If there’s one more major, ahem, caveat folks should be notified of before venturing into this void, it’s that anything goes and not much will be explained. “Caveat” takes its supernatural flourishes for granted, and expects us to do the same; it’s the only explanation for why Isaac reacts to a tattered rabbit doll’s literal drum-beating as if creepy toys come to life is something he grew up playing with. Is it possessed? Sentient? All in Isaac’s head? Who cares—the screenplay may back itself into corners trying to conjure sincere human drama out of its core mysteries, but that hardly matters when Mc Carthy creates such an inviting (read: horrifying) Russian Doll of dread in a disorienting haunted house where it seems we might traipse into an entirely new realm of terror while rounding the next corner.
The best thing about “Caveat” (which is now available on the horror-centric streaming platform Shudder) is how it manufactures tension from restraint, keeping the steady pulse of its scares beating to the disorderly internal logic that would lead Isaac to agree to such outrageous stipulations for this temporary gig (all for $200 a day; if Mc Carthy wanted to, a couple tweaks in the screenplay might have turned “Caveat” into a cinematic argument for a higher minimum wage).

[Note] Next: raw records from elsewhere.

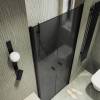 Душевая дверь в нишу MaybahGlass MGD-429-6 профиль черный, стекло графит матовый, 1980x1200 фото 4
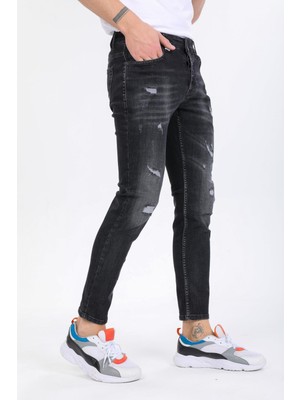 Shoppingdimoda Pamuklu Taşlamalı Skinny Denim Erkek Kot Pantolon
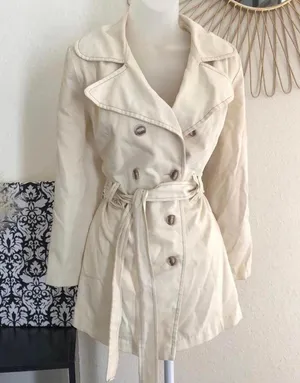 Vintage Cream beige belted long sleeves mini/midi trench coat peacoat overcoat collared neckline, double breasted button closure. thumbnail 1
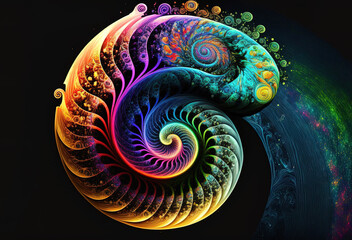 Colorful spiral, fantasy color swirls, surreal fractal, light fractal, vortex, symbol on dark background. Generative Ai.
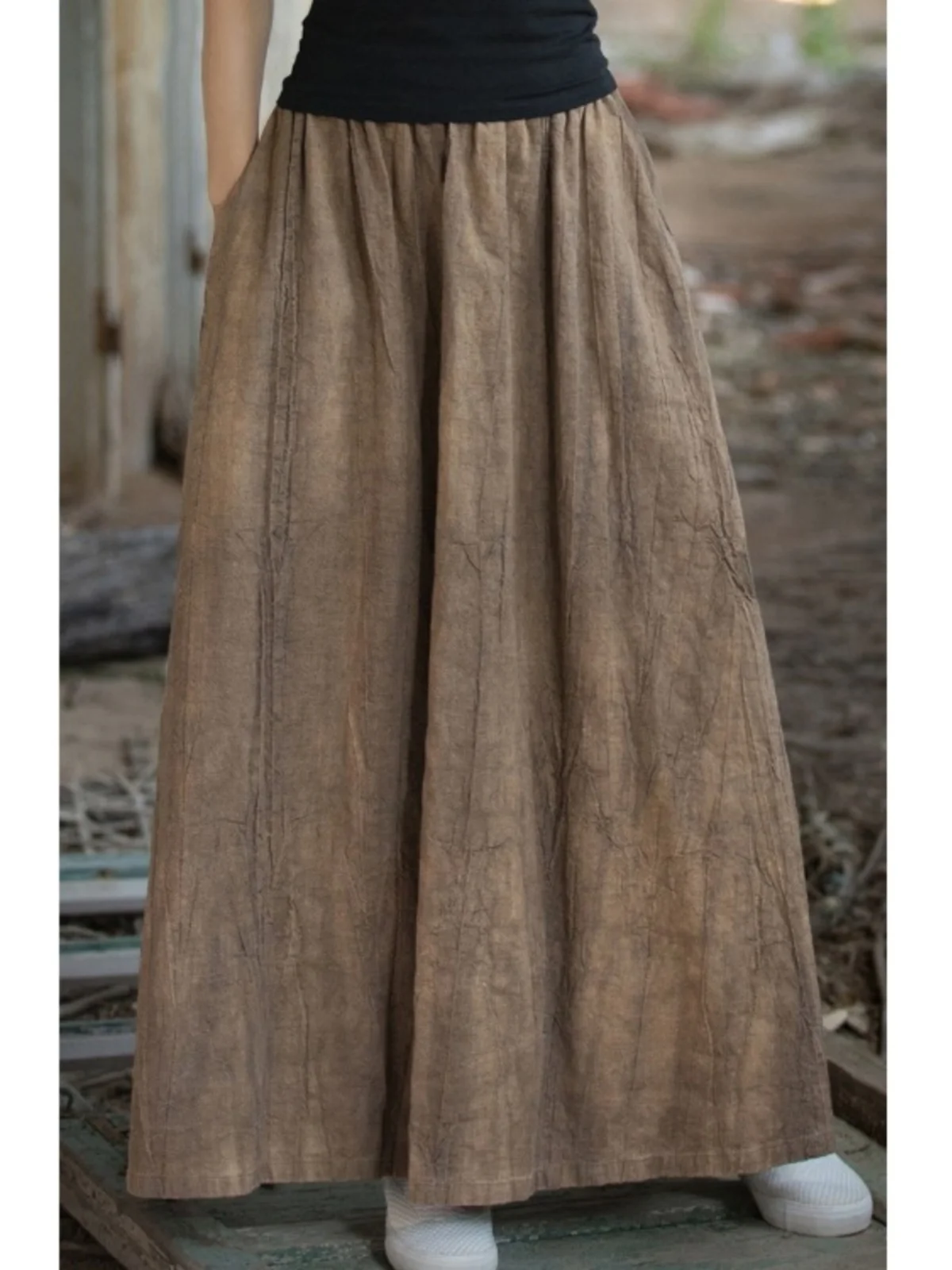 

Chinese Sle Loose Fit Long Skirt Textured Dyed Loose Hanging Wide Hemline Women's Autumn Season Large Size f-length Skirt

As it is, the first half of “Caveat” is deliciously simple in its straightforward but carefully thought-out design. A ghoulish caricature of a frowning woman insists on keeping eerie watch on Isaac as he sleeps; the aforementioned rabbit toy from hell guides him to rotten discoveries hidden within walls; and the omnipresence of Isaac’s chain leash is so naturally realized (thanks in no small part to some throat-tightening sound design) that we feel a pang of horror when we watch iron slack slowly being tugged on behind our prisoner. Indeed, the first 40 minutes or so of the sub-90-minute “Caveat” prove to be effective counterprogramming to the biggest horror release of the weekend, the new “Conjuring” blockbuster in which denser narratives and stricter genre boundaries will inevitably mean viewers of that film are more prepared and perhaps ultimately less satisfied.

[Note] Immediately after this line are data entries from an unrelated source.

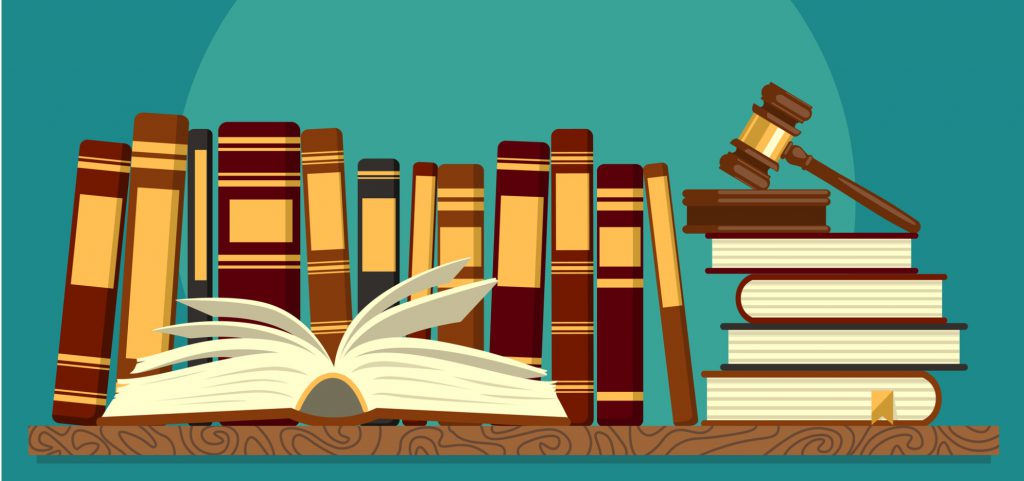 Books On Shelf With Open Book And Judge Gavel Vector Id899442424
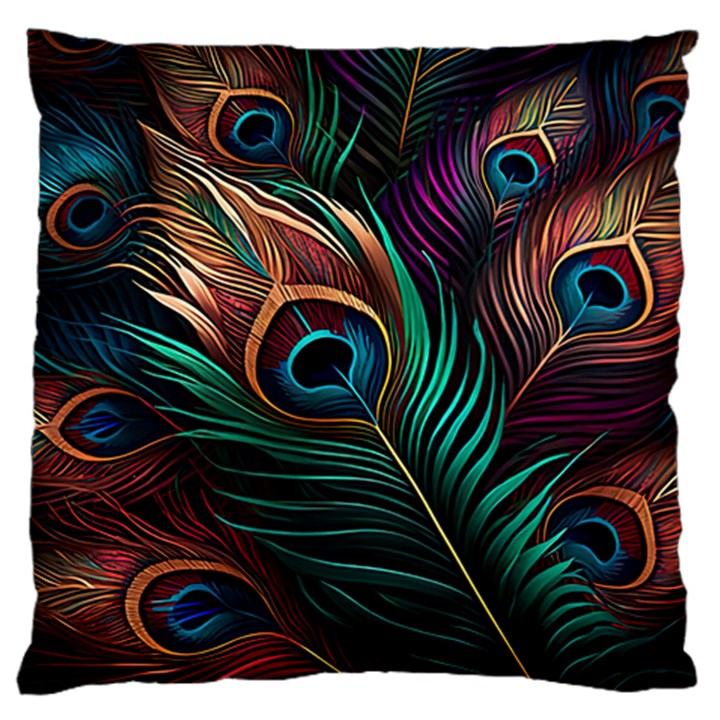 Peacock Feathers Nature Feather Pattern Large Premium Plush Fleece Cushion Case (One Side)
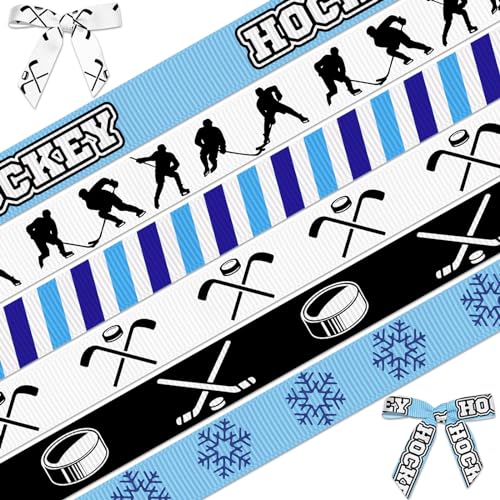 Glodecart 6 Rollen Hockeyband zum Verpacken von Geschenken, Basteln, Eishockey-Themenband für Geschenkverpackungen, Heimdekorationen, DIY, 0,95 cm x 18 m, Ripsband, blau, Sportthemenband für von Glodecart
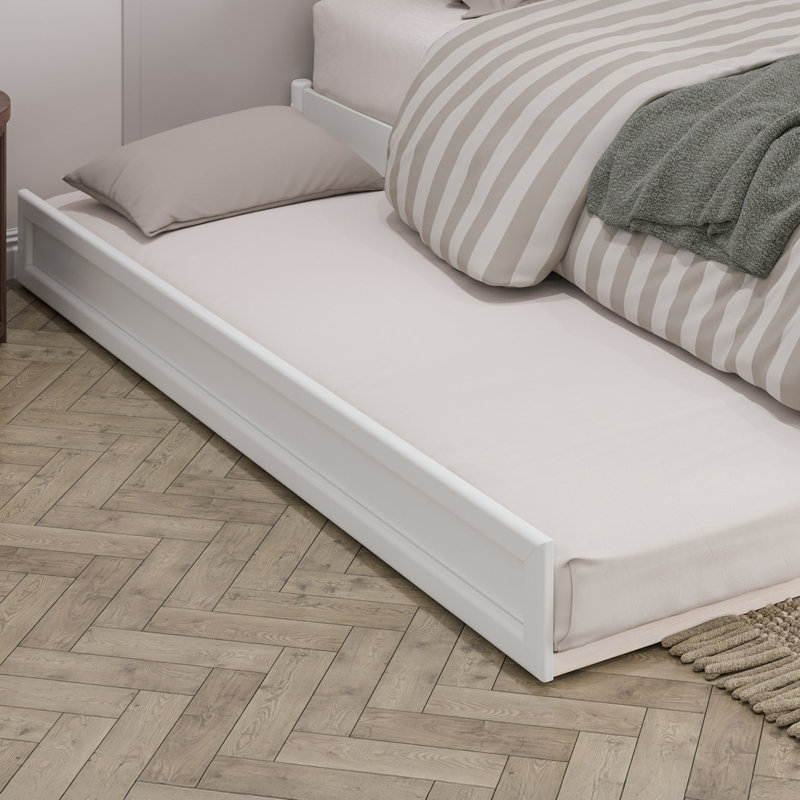 Lit gigogne en bois massif Sanvir, Simple TG, Blanc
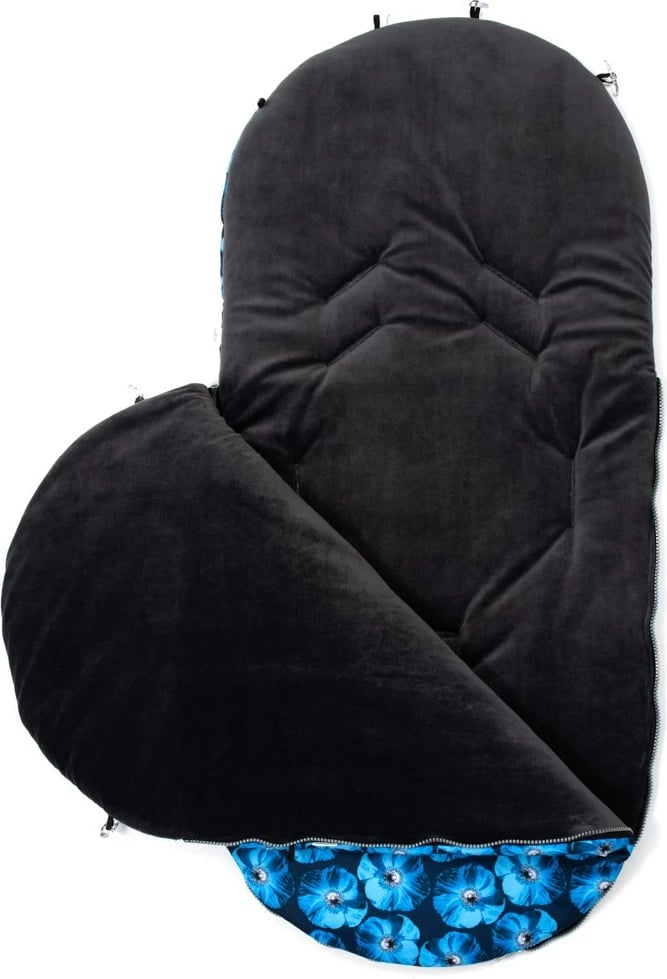 Fusak dimëror bebe për karrocë/karrige makine, New Baby, 95x45 cm, minky i butë, me vrima për rripa 5-pikësh, Blu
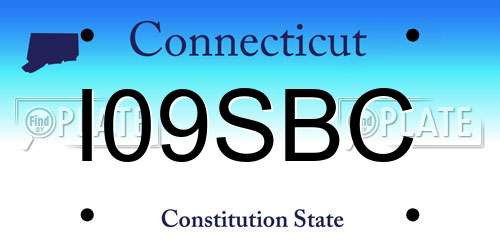 I09SBC Connecticut License Plate
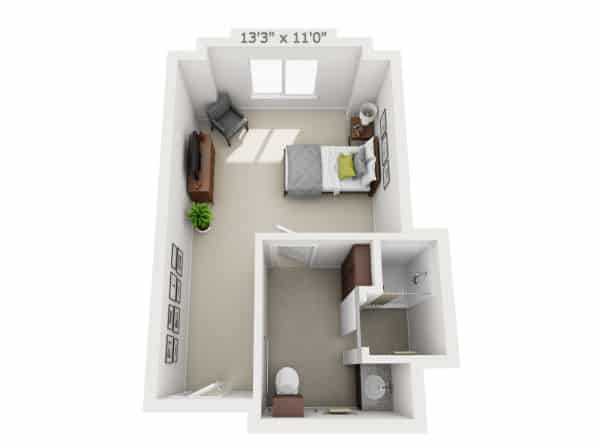 3D floor plan of a compact studio apartment with combined bedroom and living area.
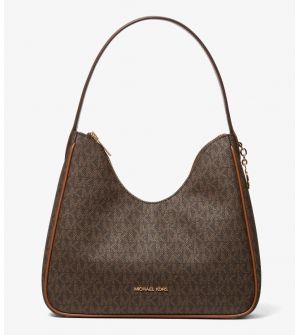 Michael Kors Nayla Small Signature Logo Hobo Shoulder Bag 35F6G5ZH1B-0200 Καφέ Γυναικεία Τσάντα Ώμου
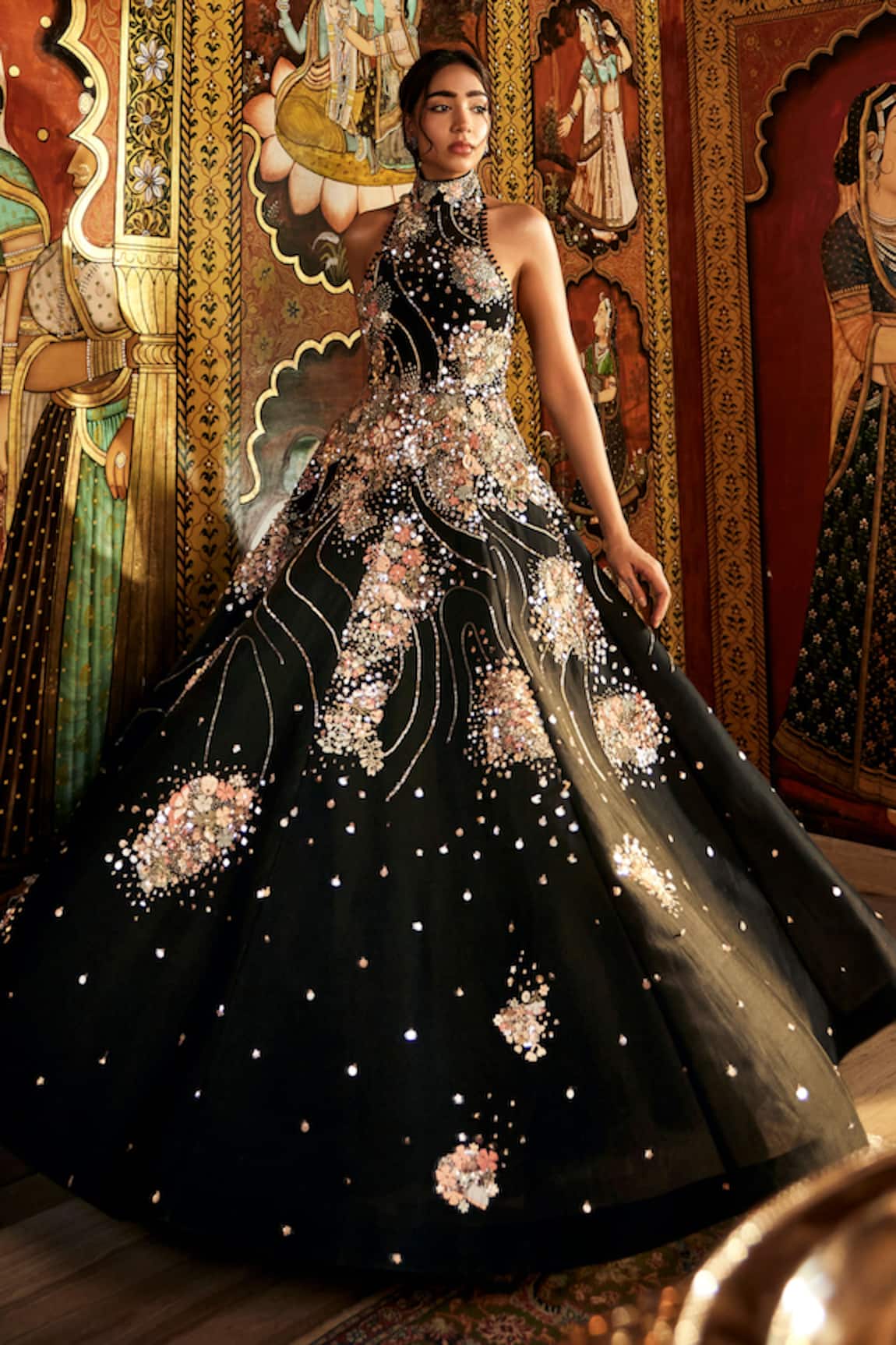 Sahil Kochhar Designer Black Organdy Gown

The narrative thicket grows thornier in “Caveat” as well, its plot taking some needlessly complicated, timeline-juggling turns. That impulses tarnishes the purer goosebumps-inducing moments from earlier. Backstories are expanded upon, slightly, though character motivations remain obtuse if not nonexistent, and “Caveat” loses a sizeable chunk of its dread-inducing charm as its embrace of various horror tropes is loosened by an increasingly busy story—the kind that makes us expect answers where the lack thereof is instead the more intriguing choice. Mc Carthy’s first full-length feature struggles to make the imbalance meaningful.
My advice: Don’t fret too much about keeping story particulars straight. As Isaac’s reclusive roommate, Olga (Leila Sykes, giving a muted but ominous performance), makes us suspicious about what little we’ve been told up to this point, it also strongly establishes the tensions of a darkness-shrouded final third in which this maze of a home becomes a battlefield where the lines between trapped and trapper are increasingly blurred. And even while “Caveat” strains for the weight of a sorta-revenge tale I never much felt hooked by, there’s still a blood-curdling set piece in the homestretch that renews terrifying emphasis on how it’s sometimes better not to peek over your shoulder when we feel something – or someone – keeping close eye on us. When “Caveat” is in peak form, you’ll give anything for Isaac not to, despite our being chained to his limited perspective and inability to escape.
"Caveat" is not rated (a little blood, a lot of dread). It's available to stream on Shudder now.